Artists with niche music: did early viral hate actually turn into real fans?
I’m an independent artist making work that doesn’t fit neatly into a genre.
On social media I can get solid reach (10k–60k+ views fairly consistently), but the engagement is often polarized. A lot of comments are negative or trolling, and while posts may get thousands of shares, they don’t convert well into followers or streams (e.g. 5,000 shares → ~5–20 follows / very low streaming lift).
At the same time, there is a smaller group that genuinely connects with it—they follow, listen, and reach out—but they’re harder to consistently reach through the algorithm.
What’s interesting is that live, the same material connects very directly with audiences.
So my question is:
- Has anyone here experienced a phase where early “viral” attention was mostly from the wrong audience (hate/trolling/misreads), but it eventually did lead to a more aligned listener base over time?
- Or did you find that it was actually a signal that your content needed reframing (packaging, clips, captions, context, etc.) rather than “waiting it out”?

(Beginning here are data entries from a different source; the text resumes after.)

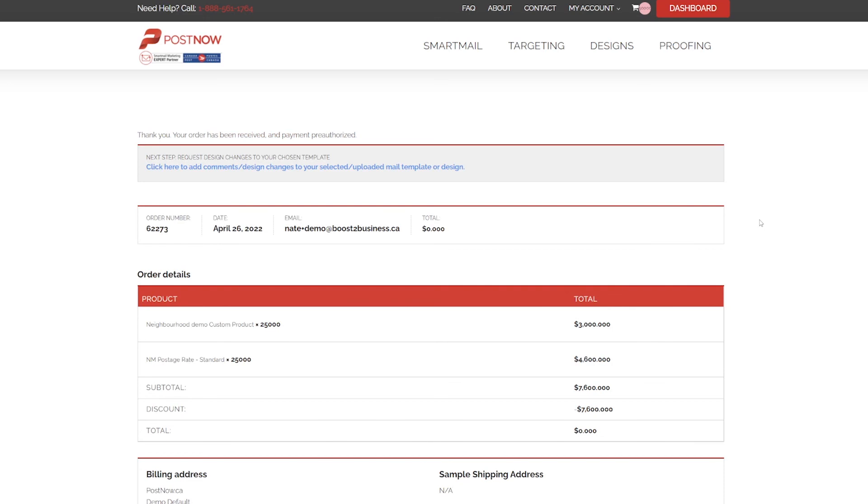That's it! Thanks for watching! We hope you enjoy using PostNow. Please contact us with any questions you may have.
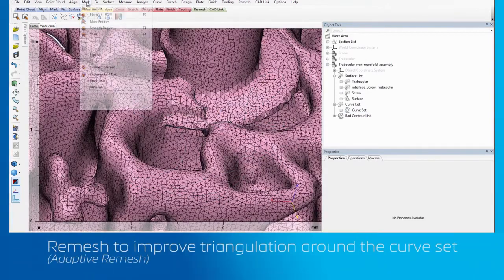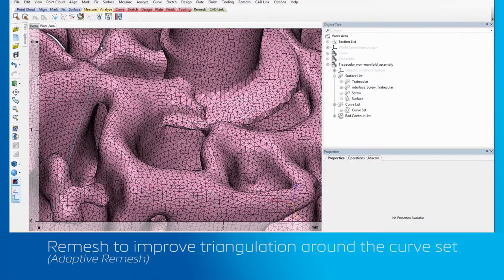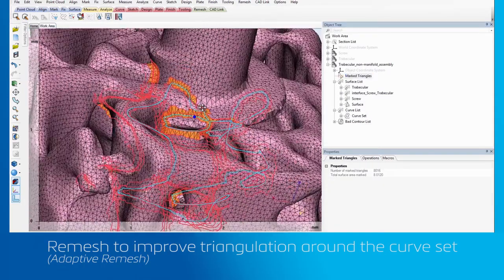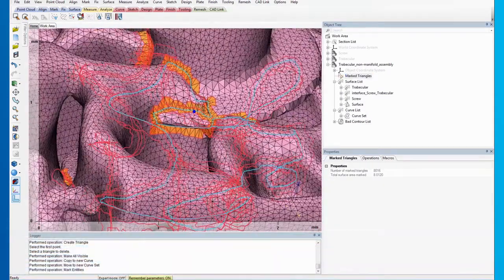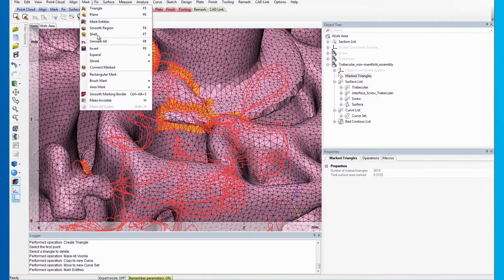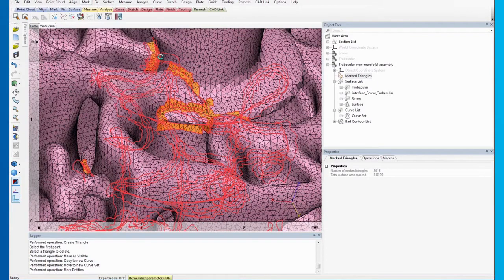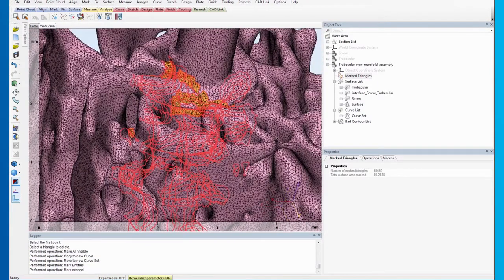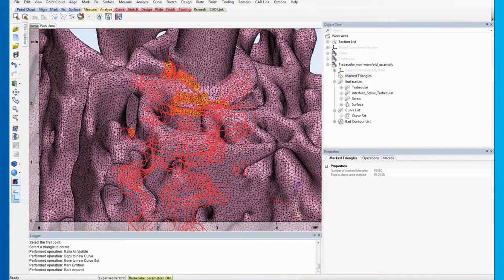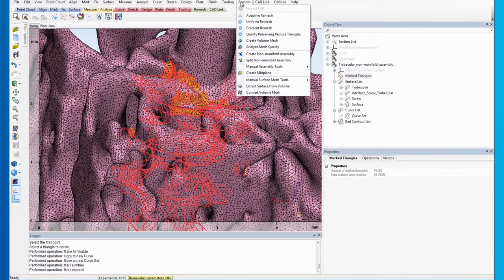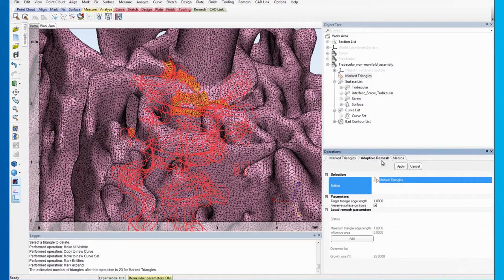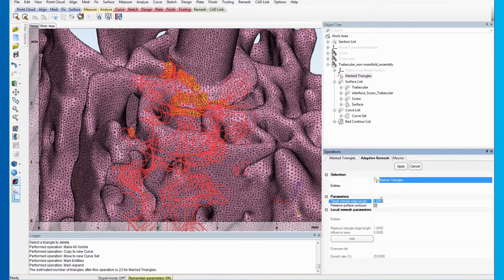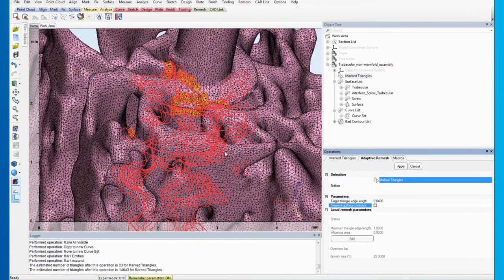To remesh the area, we select the newly created curve set. Now, we can see that the area of the curve is marked. Next, we expand the marked areas by selecting Expand operation. The next thing we need to do is to remesh the marked areas. Go to the Remesh menu and click on Adaptive Remesh.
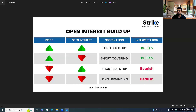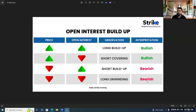If there are a lot of longs in the market and people are very enthusiastic, the OI may reach its maximum upside limit, leading to unwinding of long positions, which puts downward pressure on prices — the interpretation is bearish. To summarize: prices up + OI up = long buildup; prices down + OI up = short buildup; prices up + OI down = short covering; prices down + OI down = long unwinding.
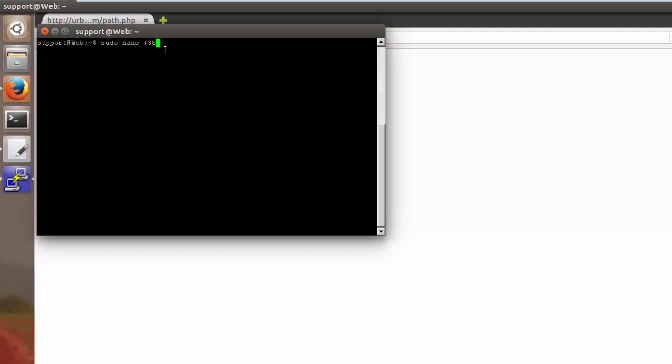So we're going to use nano with this plus option once again so we can specify where to place the cursor when the file first opens.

I’ve also seen examples of artists getting millions of views with extremely negative comment sections, but still building real careers from it. I’m trying to understand if that’s the norm (misaligned early attention that eventually filters) or if that’s the exception.
Would especially appreciate hearing from people who’ve gone through something similar and what actually changed the trajectory for them (if anything did)—whether that was content strategy, platform shift, or something else.